The increasing number of people contributing to the Internet, either deliberately or incidentally, has created a huge set of data that gives us millions of potential insights into user experience, marketing, personal tastes, and human behavior in general. This book provides an introduction to the emerging field of collective intelligence. It covers ways to get hold of interesting datasets from many web sites you’ve probably heard of, ideas on how to collect data from users of your own applications, and many different ways to analyze and understand the data once you’ve found it.
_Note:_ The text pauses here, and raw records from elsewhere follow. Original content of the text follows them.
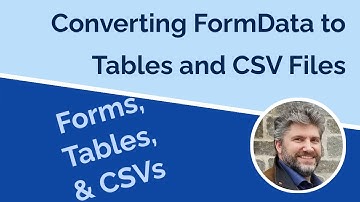 Turning Form Data to CSV files with JavaScript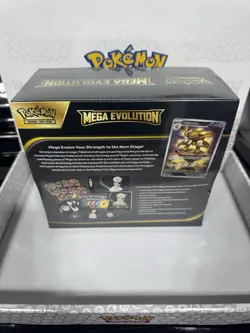 Pokemon TCG Mega Evolution Gardevoir Elite Trainer Box Factory Sealed Small Tear - Image 2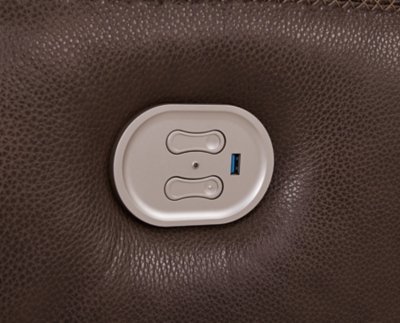 Alessandro Power Reclining Loveseat with Console - Image 11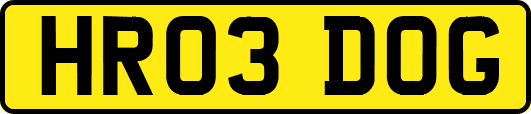 HR03DOG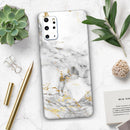 Marble & Digital Gold Foil V8 - Premium Vinyl Skin Decal for Samsung Galaxy S25 Ultra, S24, S23, S22 & All Galaxy S Models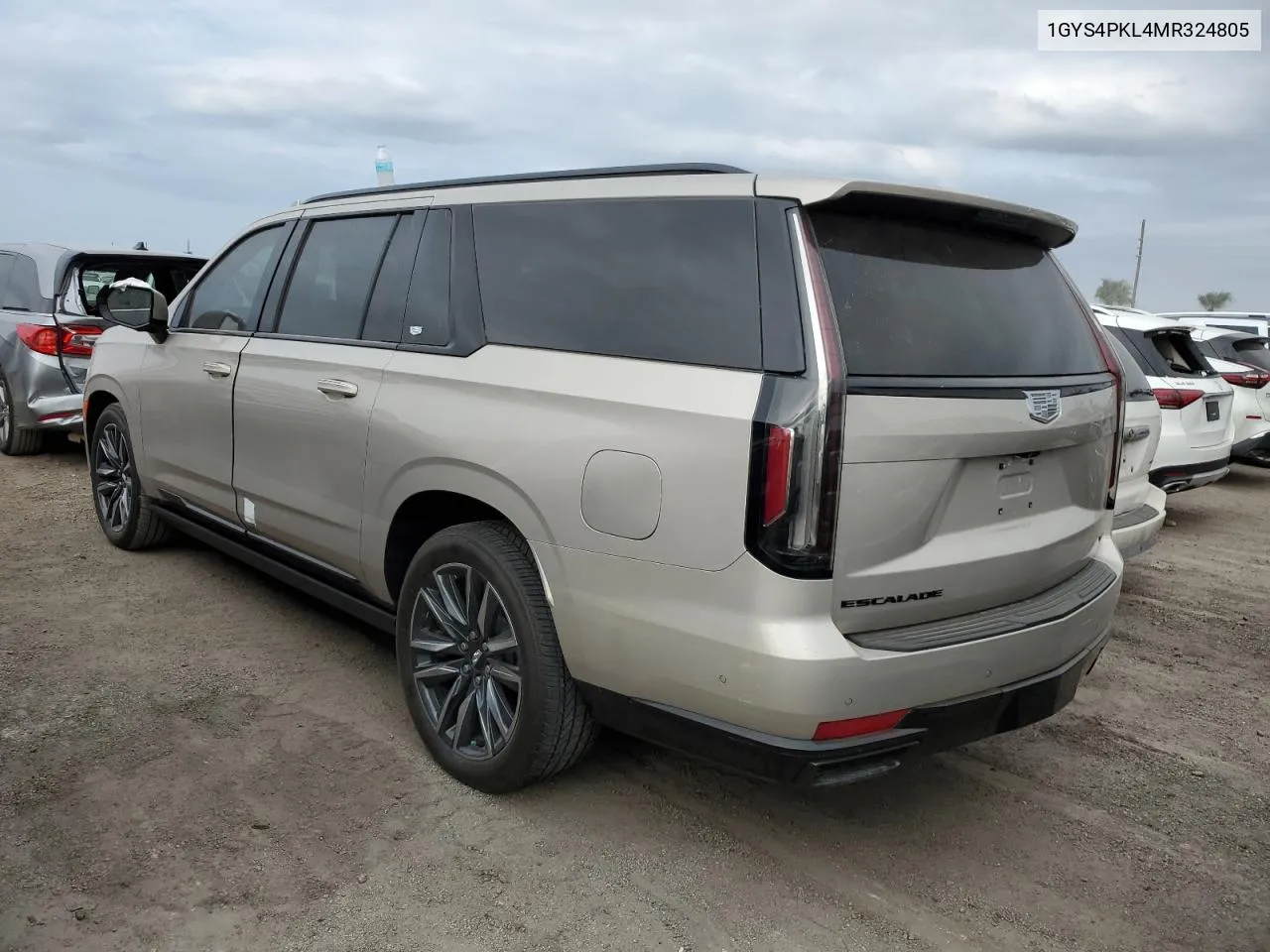 2021 Cadillac Escalade Esv Sport VIN: 1GYS4PKL4MR324805 Lot: 75202434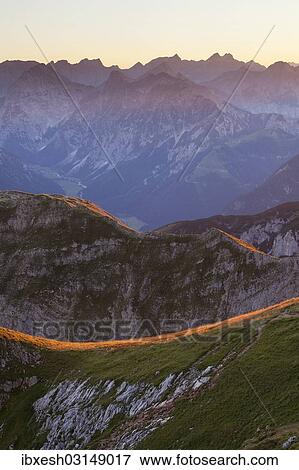 "Dalfazer Joch ridge from Mount Hochiss in the Rofan massif, Rofan, Tyrol, Austria, Brandenberg Alps, Rofan, Tyrol, Austria, Europe" View Large Photo Image Stock Photo - "Dalfazer Joch ridge from Mount Hochiss in the Rofan massif, Rofan, Tyrol, Austria, Brandenberg Alps, Rofan, Tyrol, Austria, Europe". Fotosearch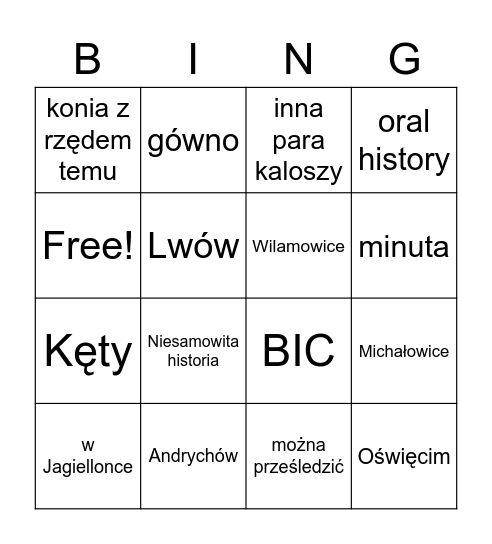 Meus Bingo Card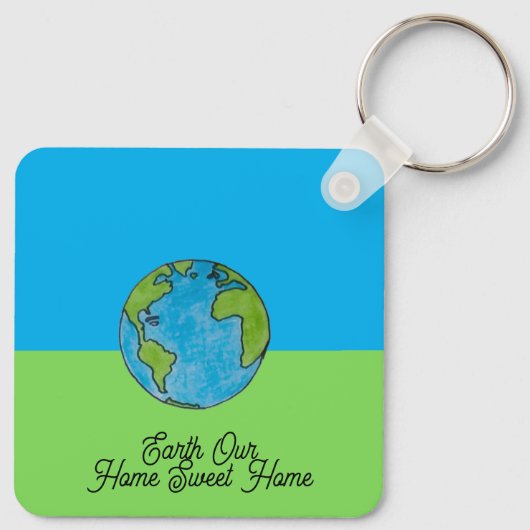 Aarde Ons Thuis Sweet Home Sleutelhanger (Achterkant)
This book’s goal is to take you beyond simple database-backed applications and teach you how to write smarter programs to take advantage of the information you and others collect every day.
The code examples in this book are written in Python, and familiarity with Python programming will help, but I provide explanations of all the algorithms so that programmers of other languages can follow. The Python code will be particularly easy to follow for those who know high-level languages like Ruby or Perl. This book is not intended as a guide for learning programming, so it’s important that you’ve done enough coding to be familiar with the basic concepts. If you have a good understanding of recursion and some basic functional programming, you’ll find the material even easier.
This book does not assume you have any prior knowledge of data analysis, machine learning, or statistics. I’ve tried to explain mathematical concepts in as simple a manner as possible, but having some knowledge of trigonometry and basic statistics will be help you understand the algorithms.
The code examples in each section are written in a tutorial style, which encourages you to build the applications in stages and get a good appreciation for how the algorithms work. In most cases, after creating a new function or method, you’ll use it in an interactive session to understand how it works. The algorithms are mostly simple variants that can be extended in many ways. By working through the examples and testing them interactively, you’ll get insights into ways that you might improve them for your own applications.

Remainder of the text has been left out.